(Saved entries)
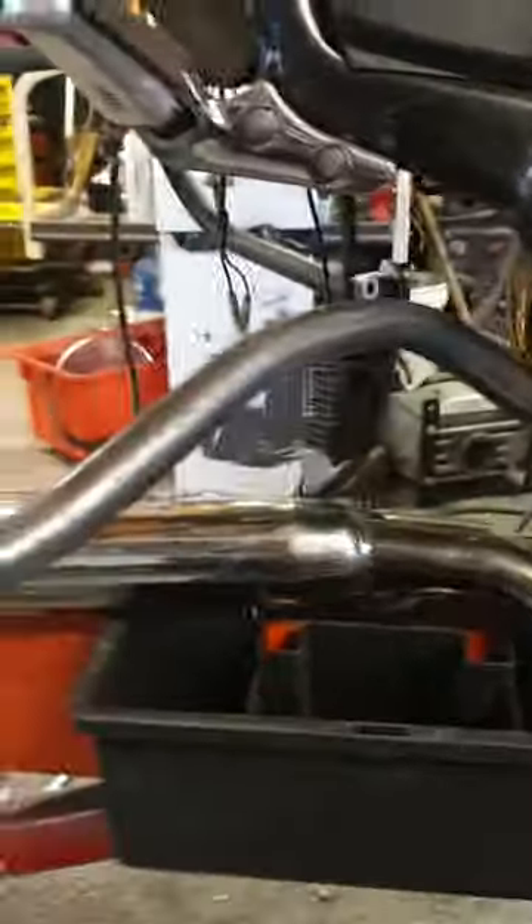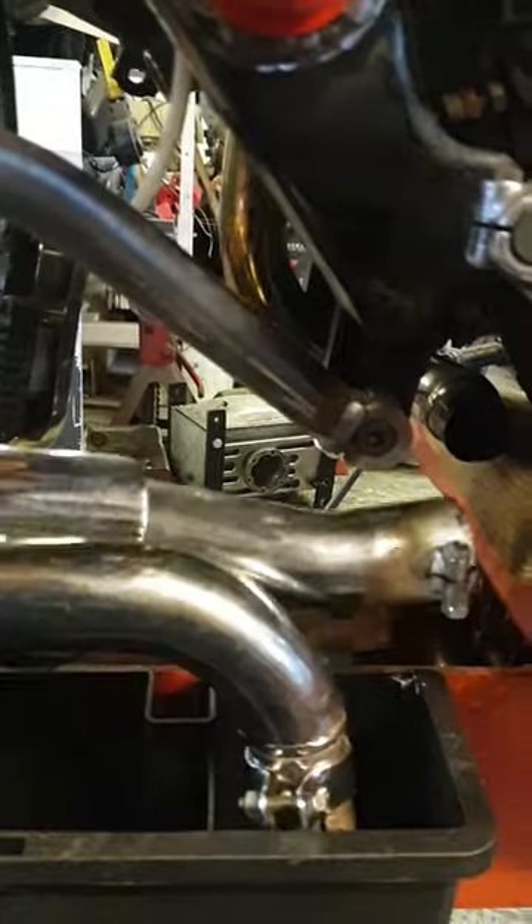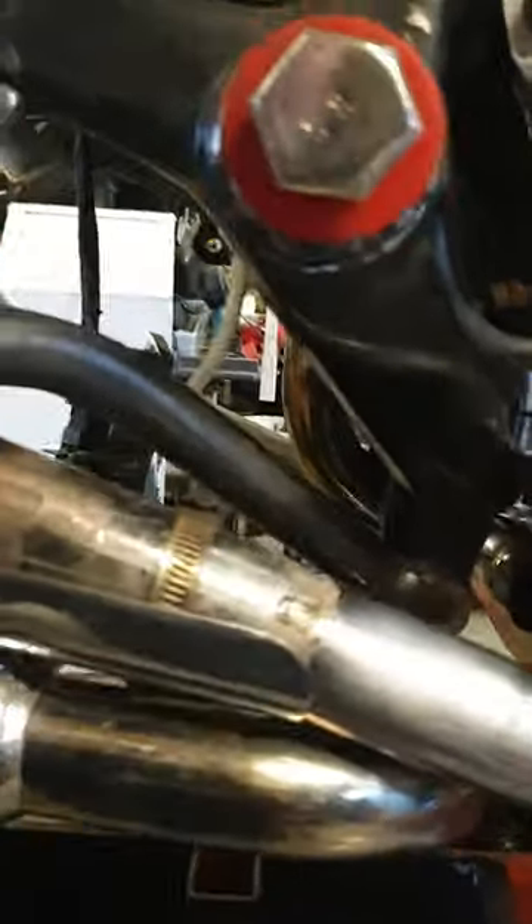This build is starting to get a little bit funky. I had to do some serious modifications to the frame to get the exhaust to fit. It's still going to require a fair bit of tweaking, but that's kind of where they're going to sit.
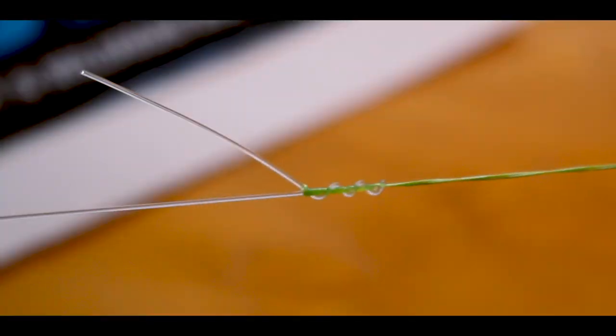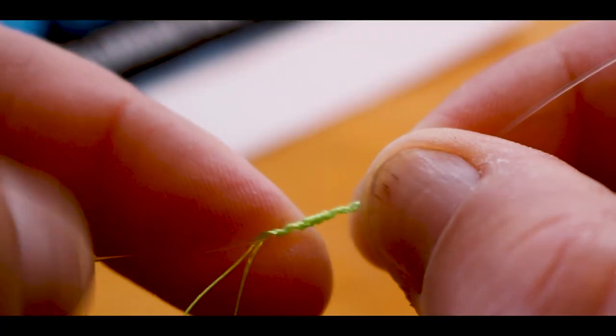The one thing me and Mario probably get asked the most in the shop is how to tie a mono leader to braid. There are heaps of different styles online and around, but none of them are really that easy. So what I'm going to do today is teach you the Yucatan knot.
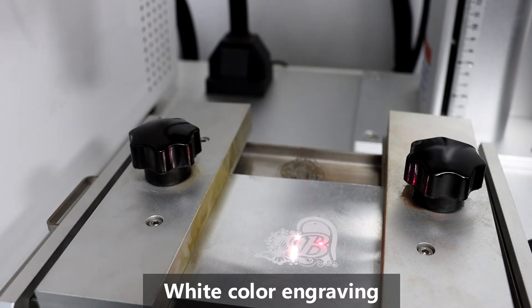Also you can do the deep engraving. After engraving, it will do the cutting work.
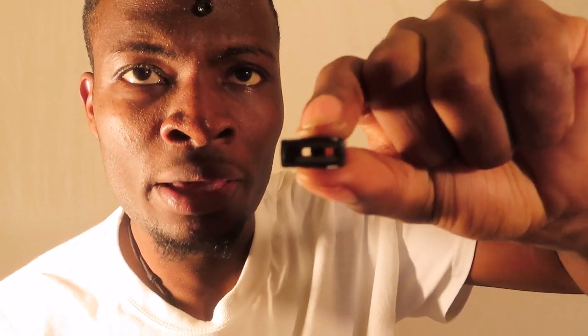And then what you want — do you see those two little white pieces in here? There are two little white pieces, and those are the wicks themselves. When the wick gets wet, that's how you get juice in your mouth.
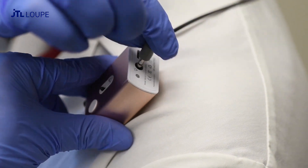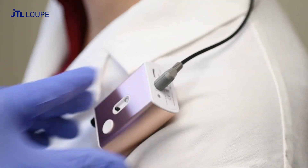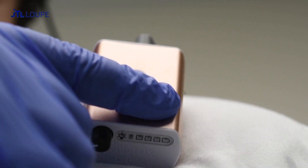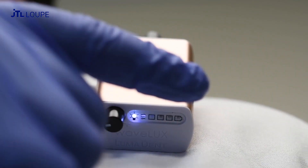Finally, plug the wire into the battery. Pressing the power button will turn the battery on or off. This will also display the charge battery level.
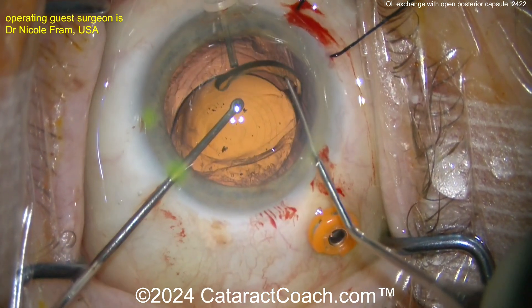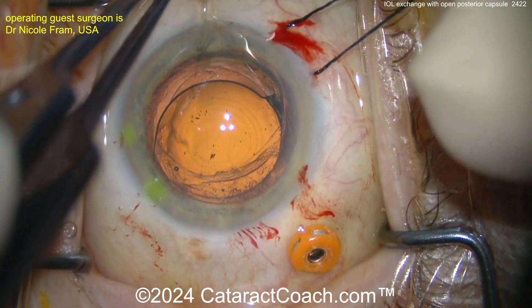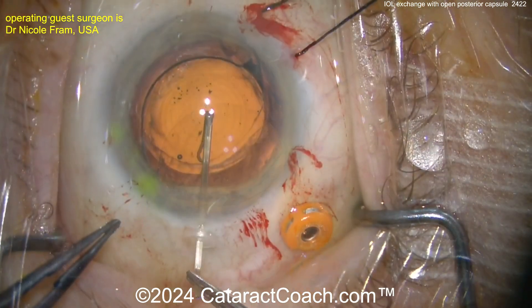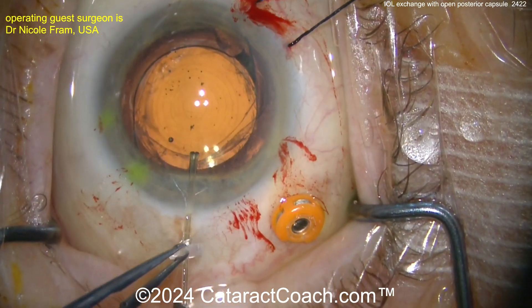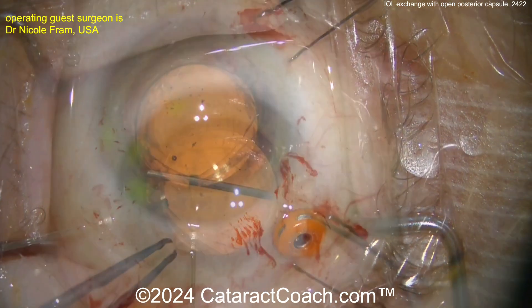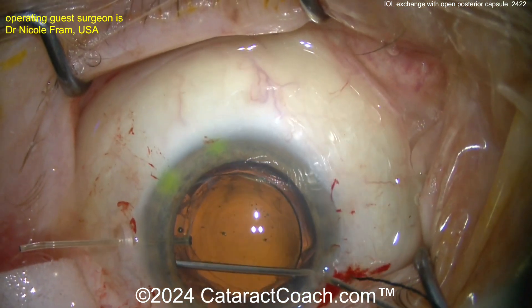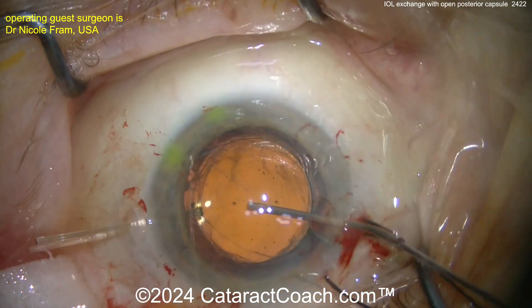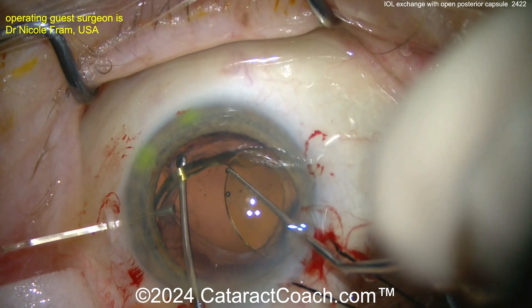I've done a lot of IOL exchanges and I actually don't ever use a traction suture, and I don't use a capsule hook here. But you know what, it's not a bad idea to be honest. With a capsule look, I don't think I'll do the traction suture, but still — the capsule hook placed on the other side is a good way of giving you counter traction. It protects and holds the capsular bag in place as you dissect out the IOL.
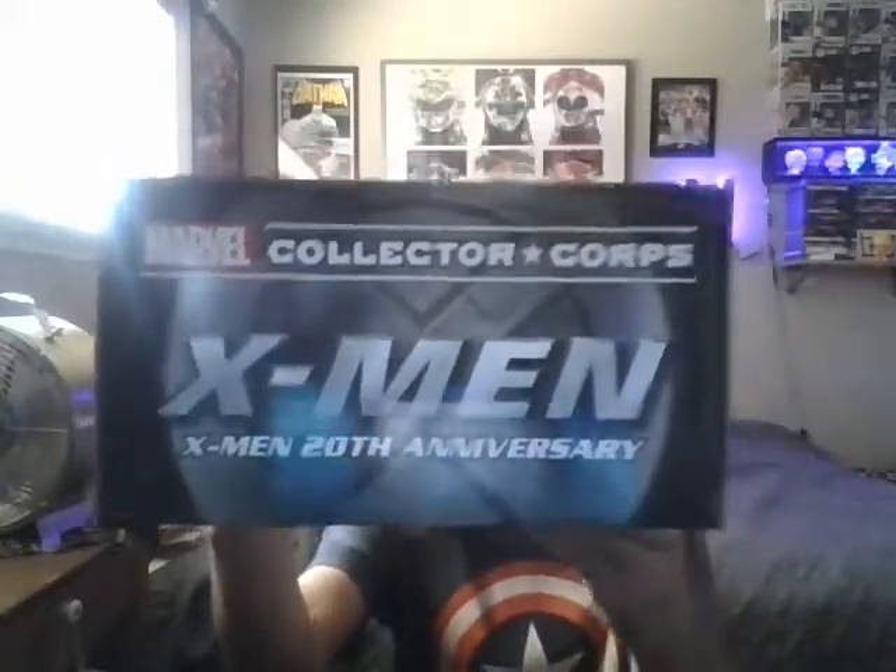This is my X-Men 20th Anniversary Marvel Collector Core Box. Let's open this up. The pin is cool — it's Professor X.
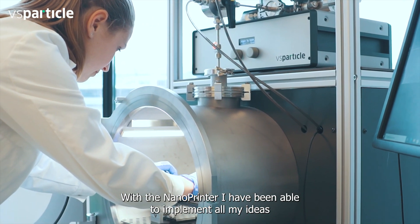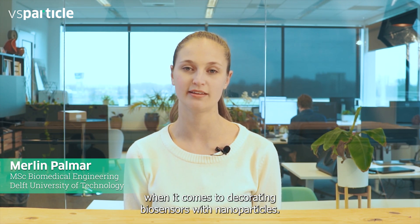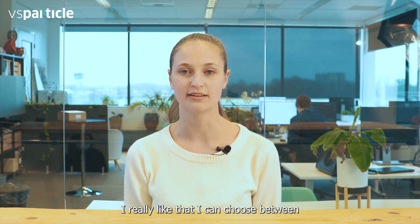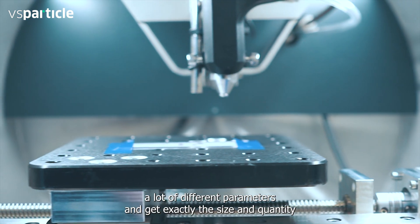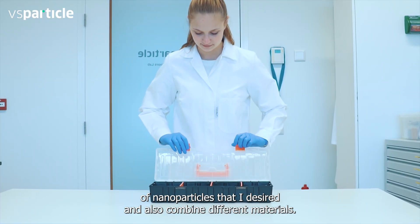With the nanoprinter I have been able to implement all my ideas when it comes to decorating biosensors with nanoparticles. I really like that I can choose between a lot of different parameters and get exactly the size and quantity of nanoparticles that I desire and also combine different materials.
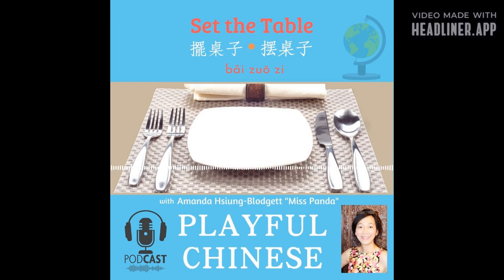This episode is sponsored by First Mandarin Sounds — an awesome Chinese word book written by me, Miss Panda, now available everywhere. Joy multiplies when it is shared. You can rate and review The Playful Chinese Podcast on Apple Podcasts. Come and join me next time for more Playful Chinese. This is Miss Panda and I'll see you next time. 我们下次见.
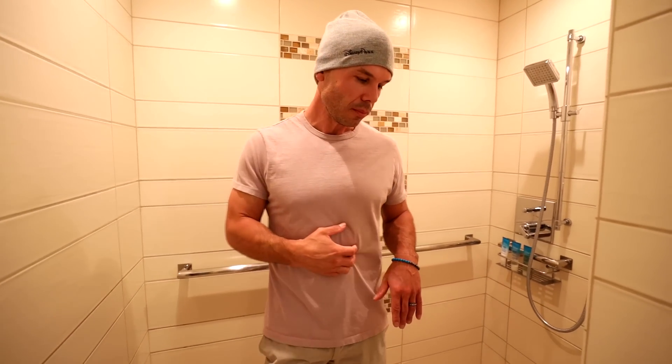On the floor they have this marble mosaic. This is a basket weave pattern, as they call it, and this is the cream marfil marble.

(Work to complete)
Repeat exactly the lines in the entries from the one containing "This is my X-Men" to the final line, inclusive, and nothing beyond them; skip pictures.

(The completed task)
This is my X-Men 20th Anniversary Marvel Collector Core Box. Let's open this up. The pin is cool — it's Professor X.
With the nanoprinter I have been able to implement all my ideas when it comes to decorating biosensors with nanoparticles. I really like that I can choose between a lot of different parameters and get exactly the size and quantity of nanoparticles that I desire and also combine different materials.
This episode is sponsored by First Mandarin Sounds — an awesome Chinese word book written by me, Miss Panda, now available everywhere. Joy multiplies when it is shared. You can rate and review The Playful Chinese Podcast on Apple Podcasts. Come and join me next time for more Playful Chinese. This is Miss Panda and I'll see you next time. 我们下次见.
On the floor they have this marble mosaic. This is a basket weave pattern, as they call it, and this is the cream marfil marble.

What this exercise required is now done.